Situationen, in denen eine über die alltäglich-pragmatische Problembewältigung hinausgehende Frage nach dem, was ein menschliches Leben letztlich trägt, aufbricht und eine ihm angemessene Grundhaltung gefordert ist, ereignen sich vor allem an Brennpunkten unseres Lebens, die dem Getriebe von Arbeits- und Konsumwelt Einhalt gebieten, wo sich Einfallsschneisen der alten, unverwüstlichen ruach öffnen können: Da sind die Sternstunden, die unserem Leben Sinn verleihen, und die unscheinbaren Momente, in denen man innehält, um sich zu sammeln, um achtsam zu werden, wie man das heute gerne nennt. Hierher gehören aber auch die existentiellen Herausforderungen im Angesicht von Armut, Ungerechtigkeit, Verbrechen, tiefem Beziehungsleid und an die Substanz gehenden Interessenskonflikten sowie die Konfrontation mit unheilbaren Krankheiten und Tod.

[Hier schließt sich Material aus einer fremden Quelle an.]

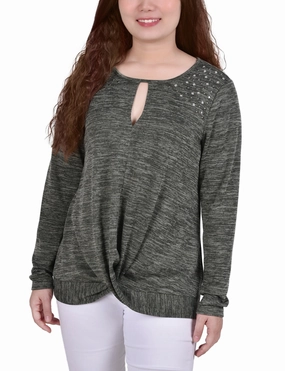 Long Sleeve Knit Keyhole Top With Studs AdjustableNeckline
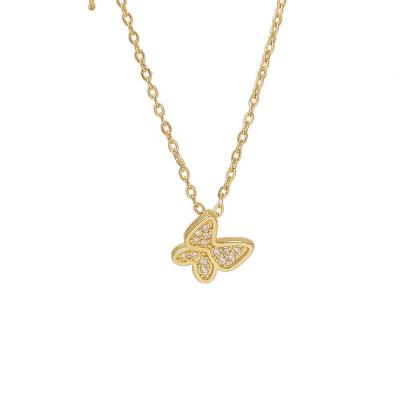 China Diamond Butterfly Necklace Trend Micro-Inlaid CLASSIC Zircon Design Clavicle Chain Exquisite Minimalist Necklace for Women for sale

Deshalb wurde das Thema Spiritualität in Bereichen wie Psychotherapie, Sozialarbeit, Strafvollzug, Mediation, Palliativmedizin und Hospizarbeit aufgegriffen. Auch wenn das Rauschen des Medienwalds über einen angeblichen Megatrend in den vergangenen Jahren etwas leiser geworden ist und Spiritualität als Modewort schon in die Jahre kommen ist: Es geht dabei nicht um einen kurzfristigen Hype, sondern um einen stets aktuellen Themenkomplex, der unter dem Titel Spiritualität eine zeitgemäße Artikulation gefunden hat, die den Bedingungen einer pluralistischen Gesellschaft mit ihrer religiösen Individualisierung entspricht.